[Web page caption snippets]
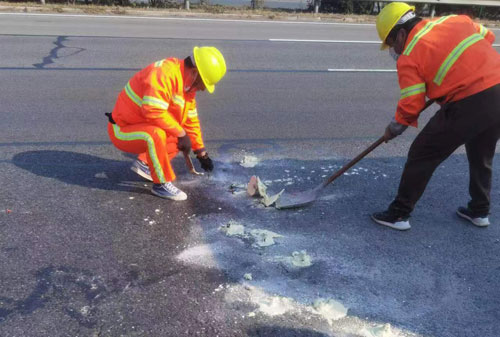 商州公路下沉注浆加固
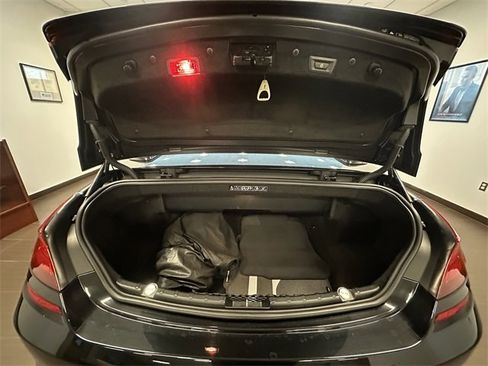 Used 2015 BMW M6 Convertible image 34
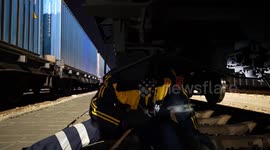 Faces of China: Young railway inspector's Spring Festival travel rush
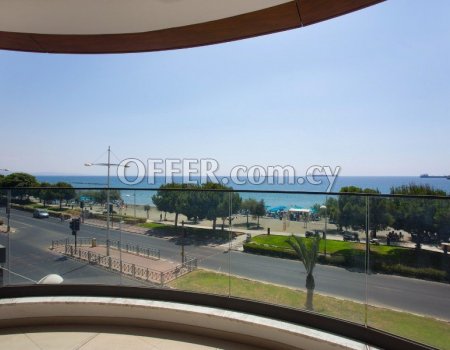 3 Bedroom super spacious beachfront apartment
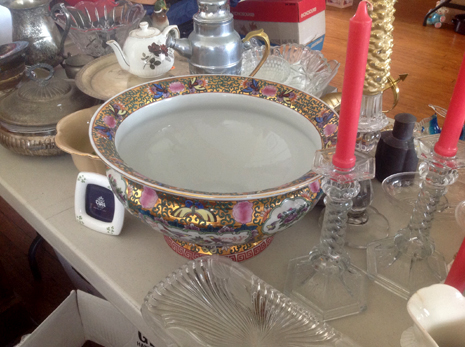 Memorial Day Yard Sale - Bowls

#### [EXERCISE]
Once the pictures are removed, print all the remaining data exactly as it stands.

#### [FINISHED TASK]
 商州公路下沉注浆加固
 Used 2015 BMW M6 Convertible image 34
 Faces of China: Young railway inspector's Spring Festival travel rush
 3 Bedroom super spacious beachfront apartment
 Memorial Day Yard Sale - Bowls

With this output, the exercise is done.